Das wird immer mal wieder diskutiert, zum Beispiel an der unteren Mittelelbe. Wenn ein Wald eine dichte Wand wäre, würde das natürlich die Hochwassergefahr erhöhen. Allerdings ist so ein Auwald sehr lückig, da sind Flutrinnen und offene Bereiche drin, die nicht zuwalden, es gibt viele Wege für das Wasser. Entscheidend ist die Breite der Aue. Bei Hochwasser-Ereignissen wie dem aktuellen sieht man, dass sich das Wasser ausbreiten können muss, auch um den Druck von den Deichen zu nehmen. Dafür braucht es nicht versiegelte Retentionsflächen, damit das Wasser in der Landschaft länger verweilen kann.
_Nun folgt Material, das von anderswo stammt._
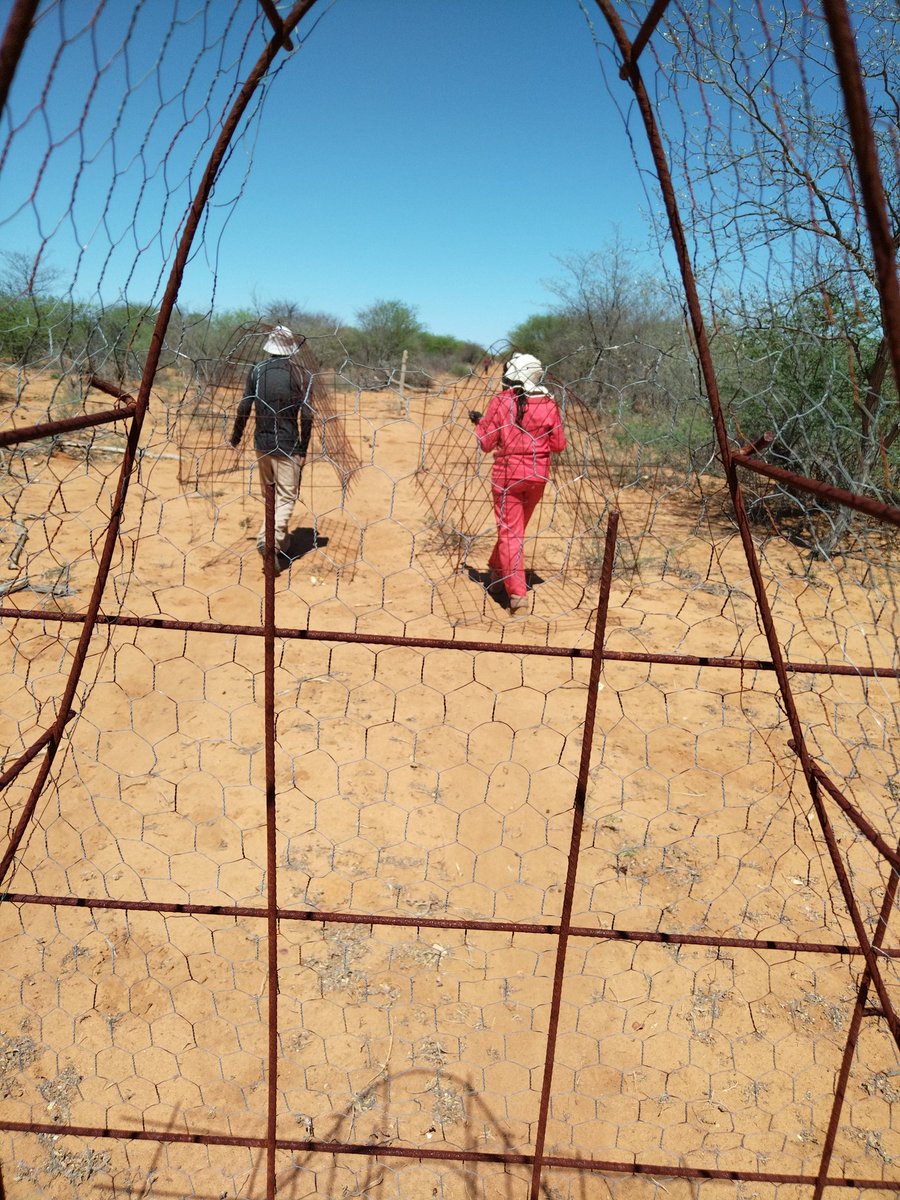 MoyoNali's tweet photo. Caged humans 😎
Prepping for experiments #reseeding #bringbackthegrass https://t.co/iuZDaWKLDT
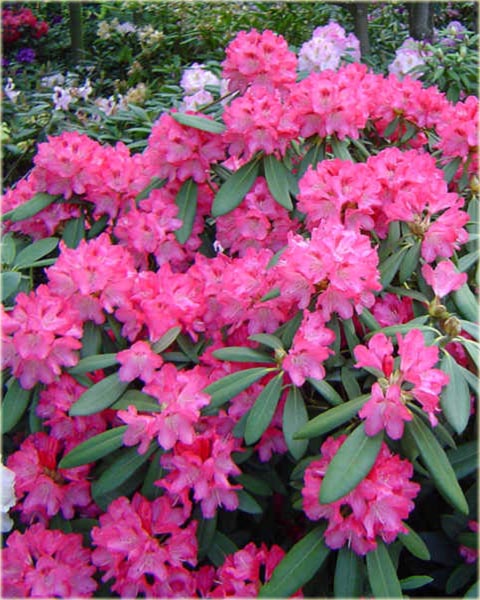 Rododendron jakuszimański Sneezy - Rhododendron yakushimanum Sneezy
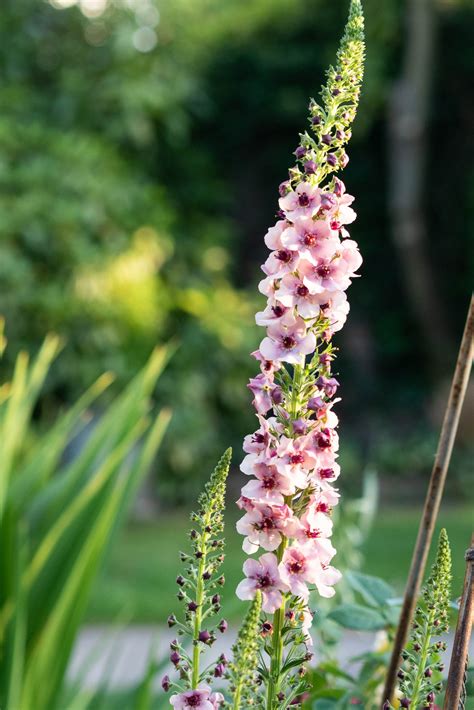 10 beautiful pink flowers for your summer garden - The Middle-Sized Garden | Gardening Blog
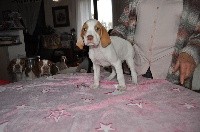 CHIOT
Was passiert, wenn es das nicht kann?
Dann bekommen die Unterläufe so wie jetzt zu viel Wasser ab. Das Wasser fließt aufgrund der fehlenden bewaldeten Auen am Ober- und Mittellauf schneller ab, und am Unterlauf stapelt sich das Wasser in den vorhandenen Auen, in den alten Überschwemmungsgebieten. Hochwasser ist dort nichts Ungewöhnliches, dafür gibt es Deiche und andere technische Bauwerke. Aber es ist über Jahrzehnte nicht mehr in solchen Dimensionen passiert, da kommt das System an eine Belastungsgrenze. Ein Deich heißt nicht, dass ich hundertprozentig vor Hochwasser geschützt bin.
Sind die Deiche gar Teil des Problems und nicht der Lösung?
Nein, man kann nicht alle Deiche zurückverlegen, um den Flüssen mehr Raum zu geben. Dann würden wir die meisten Großstädte in Deutschland unter Wasser setzen, weil fast alle an großen Flüssen liegen und sich in Auen entwickelt haben, auch die Metropolen Köln, Frankfurt, München, Berlin. Hochwasserschutz ist eine Kulturleistung, um überhaupt in diesen Räumen siedeln zu können. Es geht ja nicht darum, wieder auf einen Urzustand zurückzukommen. Stattdessen müssen wir dort, wo es Potenziale gibt, Deiche zurückverlegen oder den Fluss wieder an die normalen Talränder mäandrieren lassen. Zum Teil sind solche Flussauen zehn oder 20 Kilometer breit.
Aber dort, wo Potenzial ist, haben Landwirt:innen ihre Flächen …
Genau.
Bis 2020 sollten zehn Prozent überflutbare Auen geschaffen werden.
Und nur ein bis zwei Prozent wurden in Deutschland umgesetzt. Die Planungsabläufe sind sehr lang, da muss man Zeiträume von zehn bis 15 Jahren kalkulieren.
Haben wir die Zeit noch?
In China würde das vielleicht in zwei Jahren durchgezogen, aber in einer Demokratie müssen alle Interessen berücksichtigt werden. Das dient auch einer nachhaltigen Lösung. Der Zustand, den wir jetzt haben, ist über Jahrhunderte entstanden, wir können nicht mal eben die Landschaft umbauen.
Was könnten Landwirte mit solchen Flächen überhaupt noch anfangen?
Neben Auwald kann Grünland Hochwasser sehr gut ertragen.
Aber ein Bauer stellt ja nicht freiwillig von Mais auf Rinder um.
Nein, das kostet jede Menge Geld und Überzeugungskraft. Wir wissen aus Befragungen, dass die Akzeptanz wächst, je weiter weg man von solchen Maßnahmen ist. Aber durch eine gute Öffentlichkeitsarbeit und Einbindung in Planungsprozesse kann man vermitteln, dass der Hochwasserschutz vor Ort verbessert wird. Vorausgesetzt, die Deiche werden gut unterhalten und es gibt Pumpwerke, um Wasser abzupumpen, wenn das in der Altaue nicht abfließt. Die Landwirte brauchen Angebote, entweder Flächentausch oder Transferleistungen bei anderer Nutzung.
Reden wir nicht seit 2002, seit dem Elbehochwasser, das Sachsen am stärksten getroffen hat, darüber, dass sich die Flüsse wieder ausbreiten können müssen?
Schon seit den 1980er-Jahren …
Das heißt, es liegt nicht nur an Planungsprozessen, dass wir so wenig intakte Auen haben?
Nein, es wurde auch viel versäumt, es wurde zu viel in Überschwemmungsgebieten gebaut, wir haben zu viele Fläche versiegelt. Zukünftig sollte ein Schwerpunkt darauf liegen, den Hochwasserschutz im Kontext des Landschaftswasserhaushaltes neu zu überdenken. Die Begradigung und Kanalisierung von Flüssen und Bächen, der Verlust von mehr zwei Dritteln unserer ursprünglichen Flussauen und Überflutungsflächen sowie die Trockenlegung von Feldern und Mooren durch Drainagen führen dazu, dass Niederschläge schnell durch unsere Gewässer abfließen. Um nicht nur Hochwasser effektiver zu bekämpfen, sondern auch besser auf Perioden von Wassermangel vorbereitet zu sein, müssen wir Wasser länger in der Landschaft halten.